This is a hit-or-miss approach because the market window can be very short or even fizzle before you get to market. And while you’re focused on creating your offering for that niche, another better opportunity can come along. If you’re always looking for the brass ring, you’ll always be tempted by the next “new shiny object” and not finish what you start. This is the trap most entrepreneurs succumb to, leading them down a path that ends in failure.

There’s another approach to starting and building your business. It’s a more disciplined and Strategic Approach that addresses a problem and provides a solution.

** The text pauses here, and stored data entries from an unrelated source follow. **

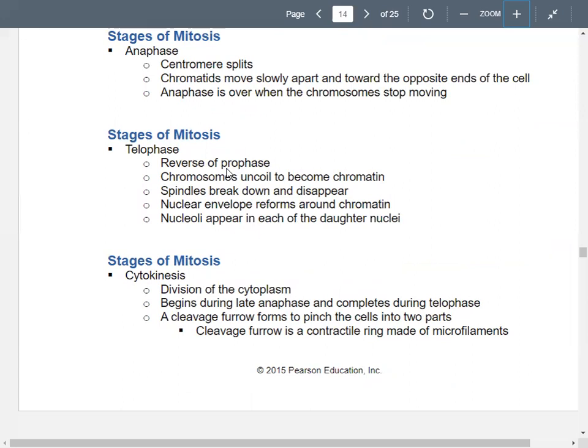The nuclear envelope starts coming back and reforms around the chromatin. Then you start seeing the nucleoli — remember, that's where ribosomal RNA is made — inside each of those daughter nuclei. We still need to divide the cell itself. Cytokinesis divides the cytoplasm and organelles; it starts during late anaphase and completes during telophase. A characteristic of cytokinesis is the cleavage furrow, which pinches the cells apart and is made of a ring of microfilaments.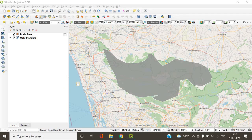Hi everyone. In this video I'll show you how to add grid cells of particular sizes onto your study area map. Many of you have asked me how to do that because in one of my previous videos I didn't quite explain well about adding grid cells of particular size, so in this video I'm going to clear your doubt regarding this topic.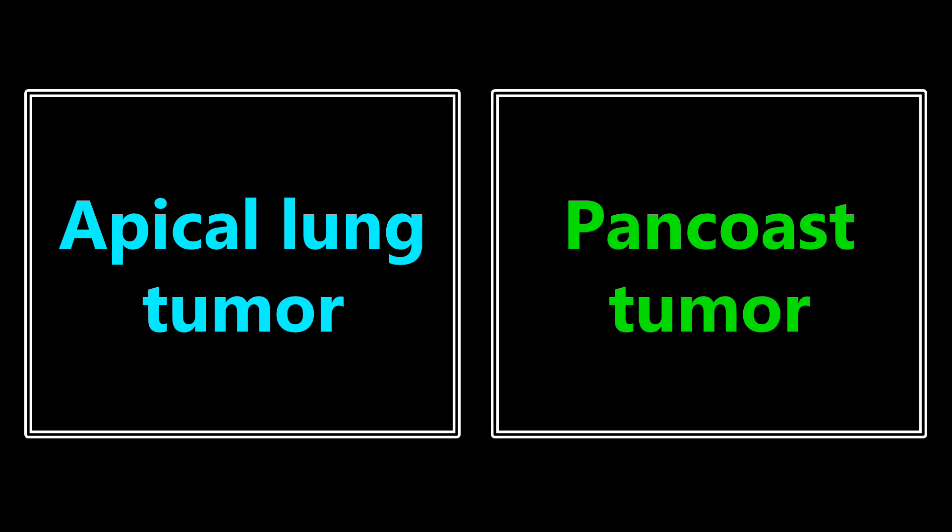An apical lung tumor. Really, the only association that you're going to see with this is the pancoast tumor. And that can also be associated with Horner syndrome. So remember, the ptosis and hydrosis and meiosis is associated with pancoast tumor and associated with Horner syndrome.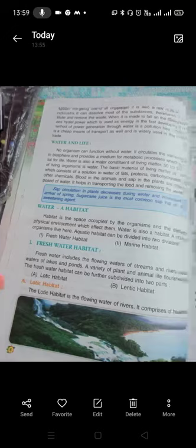No organism can function without water. It circulates various elements in the biosphere and provides a medium for metabolic processes essential for life. Water is also a major constituent of living matter. The basic material of living cells is protoplasm, which consists of a solution in water of fats, proteins, carbohydrates, salts, and other chemicals. Blood in animals and sap in plants are mainly composed of water.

If you are a strategist like me, you start with your end goal and your vision of what you are building toward.

Across the board, the most successful entrepreneurs take the time to be thoughtful upfront and prepare options, offerings, alternative approaches, competitive research, market opportunity and team requirements to achieve their goals. They do their homework; they research and plan first.

They take the time to continually and consistently ask the question:

“What are the best opportunities to achieve my vision of
where I want to take my business and what it will become
?”

They know they must continually “sharpen the saw,” as Stephen Covey tells us, and raise the bar all the time.

So the primary obstacles to achieving your business success are not in your experience, education, expertise, funding or financing.

Your primary obstacles to the business success you desire and the outcome you want to achieve are the mindset and skill set you bring to the game.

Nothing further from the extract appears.